Exclude pictures; retype the lines below from the line containing "Precio Económico, 100%" through the end of the records, both ends kept.

━━━━━ Task input ━━━━━

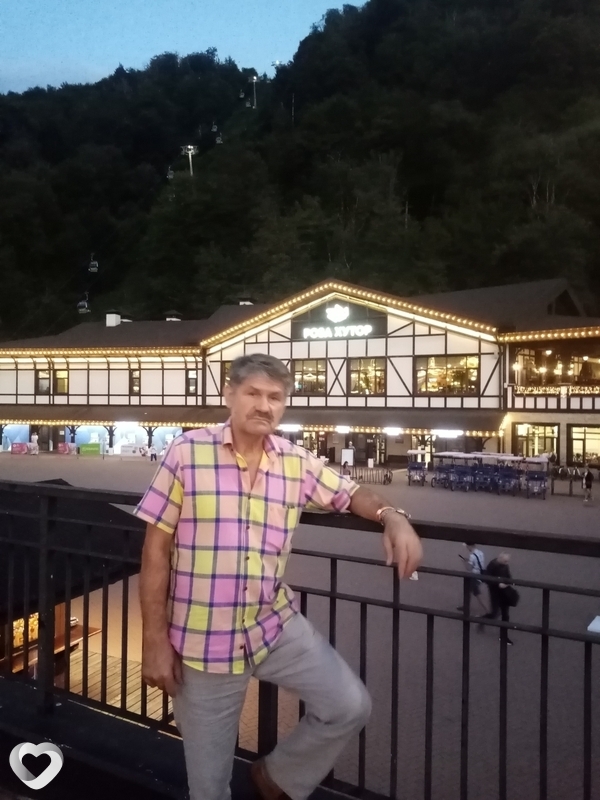 Александр, 57, Чебоксарах — анкета №492959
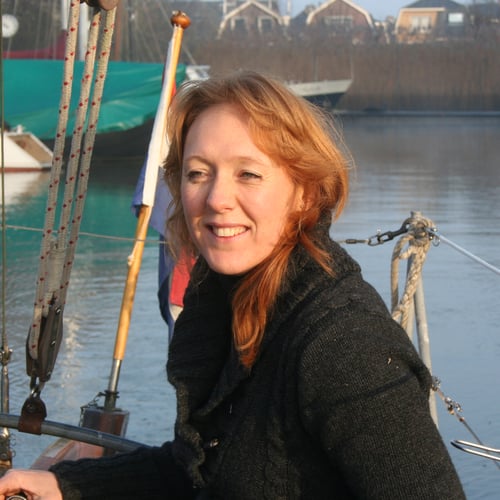 Anne-Marieke Graafmans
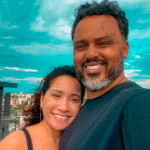 Informativo missionário Glinder & Lia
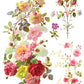 Iron Orchid Designs - Saint Germain - Furniture Decor Transfer Pad ***BACK IN STOCK SOON***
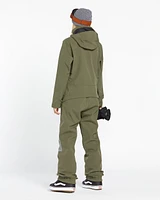 Womens Shiloh Snow Suit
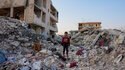 Erdbeben Syrien 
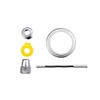 Shimano SM-3R40 Y73L98020 Inter-3 Hub Fitting (Push Rod: 3.4 inches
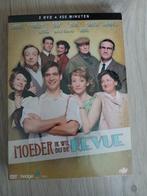 DVD serie Moeder ik wil bij de revue, Alle leeftijden, Ophalen of Verzenden, Nieuw in verpakking, Komedie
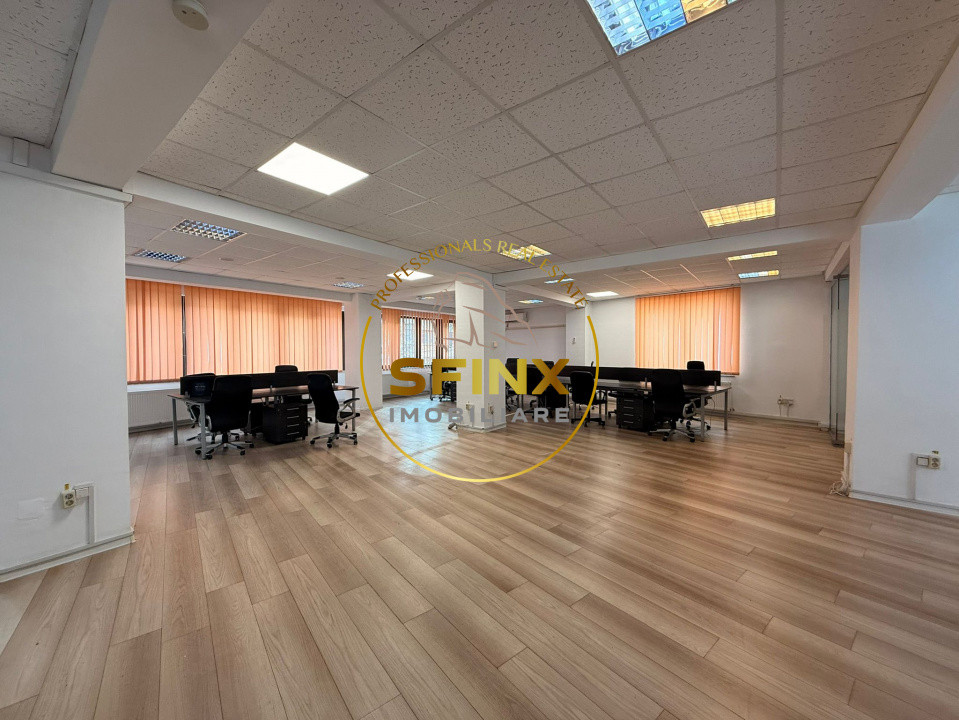 Cladire Birouri Cotroceni, 870 mp, 12 locuri parcare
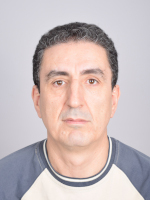 Abdelaziz Benallegue photo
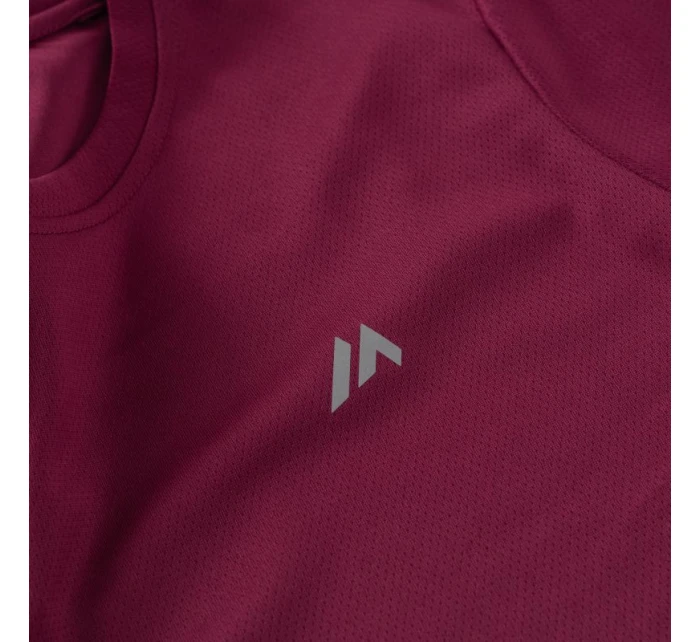 Dámské tričko s dlouhým rukávem LADY model 21354208 LS - Martes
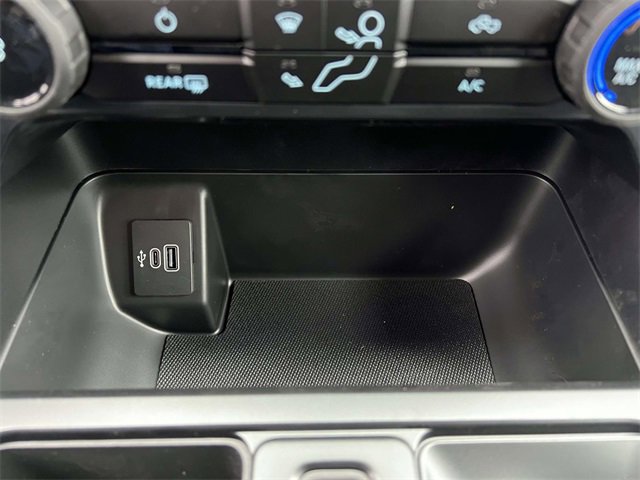 New 2025 Ford F150 STX image 21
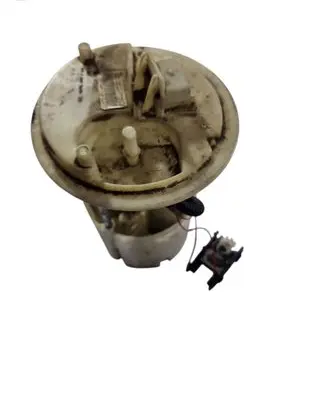 In-tank fuel pump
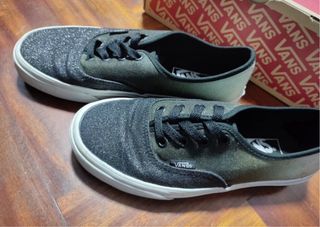 Vans mujer talla 36.5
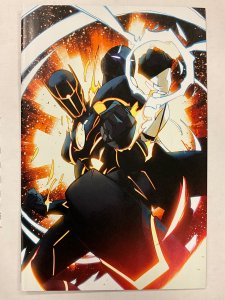 Rogue Sun #1 Cover D (2022)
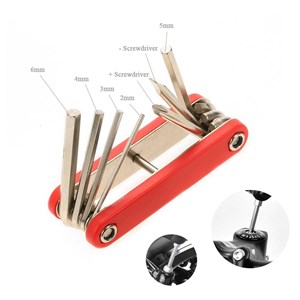 KLUCZ SCYZORYK 7 FUNKCYJY (KL-9804)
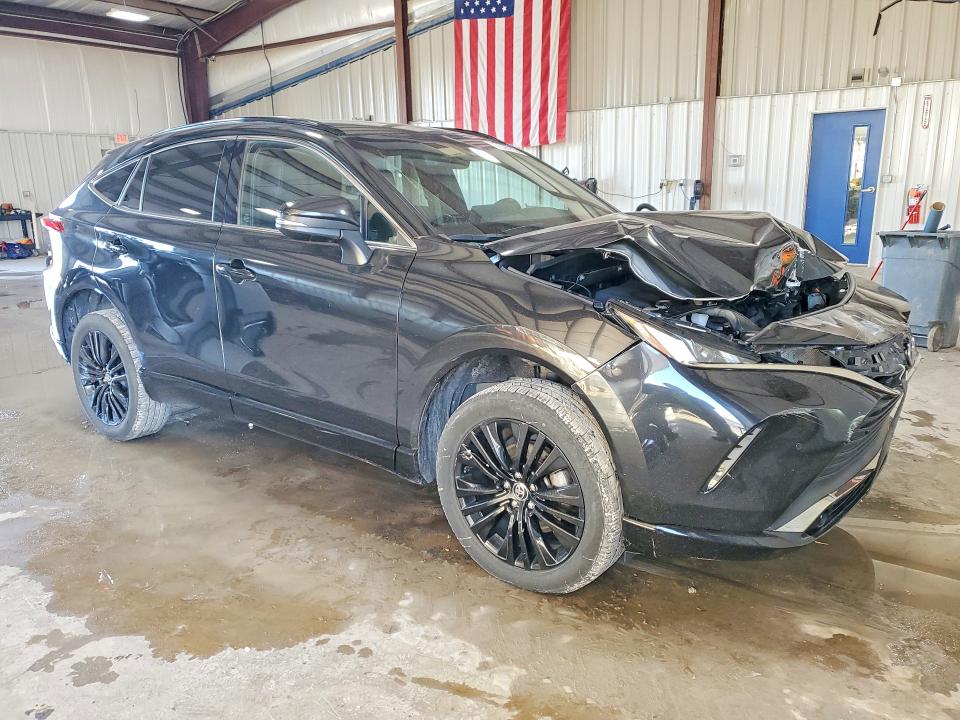Photo 4 from auction – 2023 TOYOTA VENZA LE with VIN JTEAAAAH2PJ147545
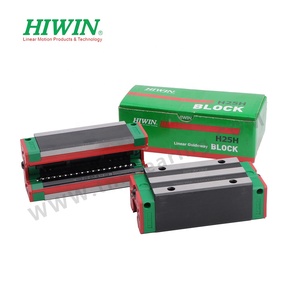 Precio Económico, 100% Original de Taiwán, HIWIN HG25 HGL25HA HGL25 HGL25CA <span class=keywords><strong>HGL</strong></span> 25 Guías Lineales, Rodamientos de Movimiento Lineal para Impresora 3D - Product Image 2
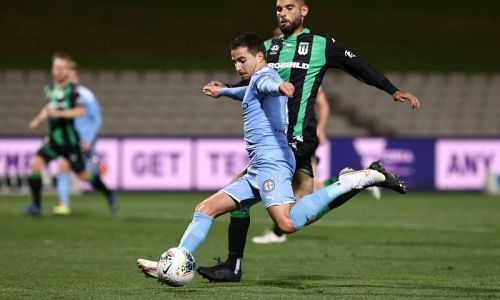 Soi kèo Melbourne City vs Western United, 14h00 ngày 26/8/2020 - VĐQG Australia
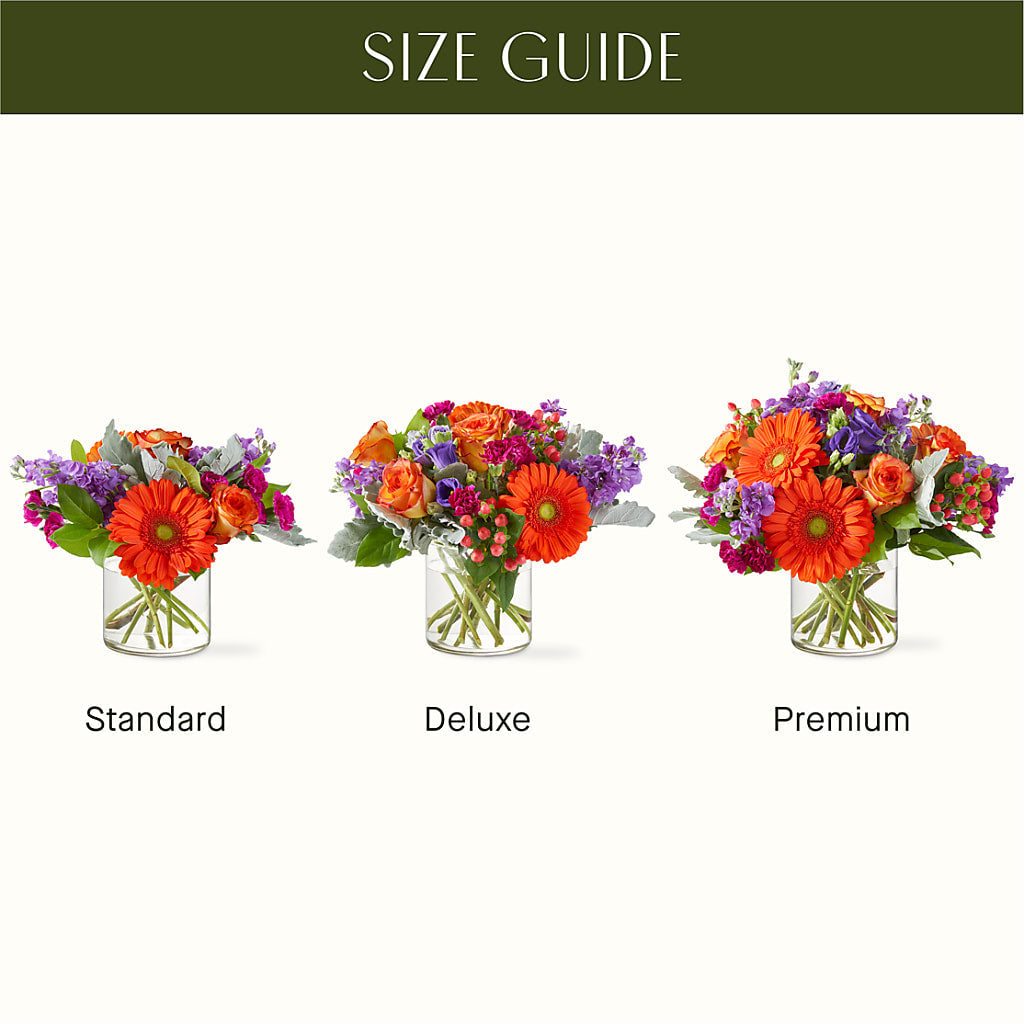 Sangria Bouquet –  Diamond Flower Shop, Reading PA
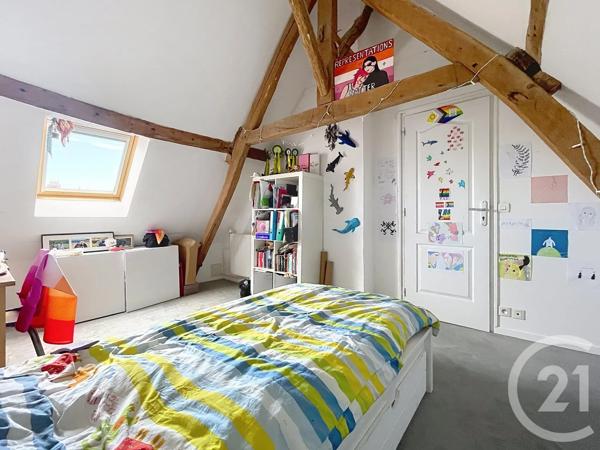 Maison à vendre  6 pièces - 120 m 2   COMPIEGNE  - 60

━━━━━

* _Answer section_:
 Precio Económico, 100% Original de Taiwán, HIWIN HG25 HGL25HA HGL25 HGL25CA <span class=keywords><strong>HGL</strong></span> 25 Guías Lineales, Rodamientos de Movimiento Lineal para Impresora 3D - Product Image 2
 Soi kèo Melbourne City vs Western United, 14h00 ngày 26/8/2020 - VĐQG Australia
 Sangria Bouquet –  Diamond Flower Shop, Reading PA
 Maison à vendre  6 pièces - 120 m 2   COMPIEGNE  - 60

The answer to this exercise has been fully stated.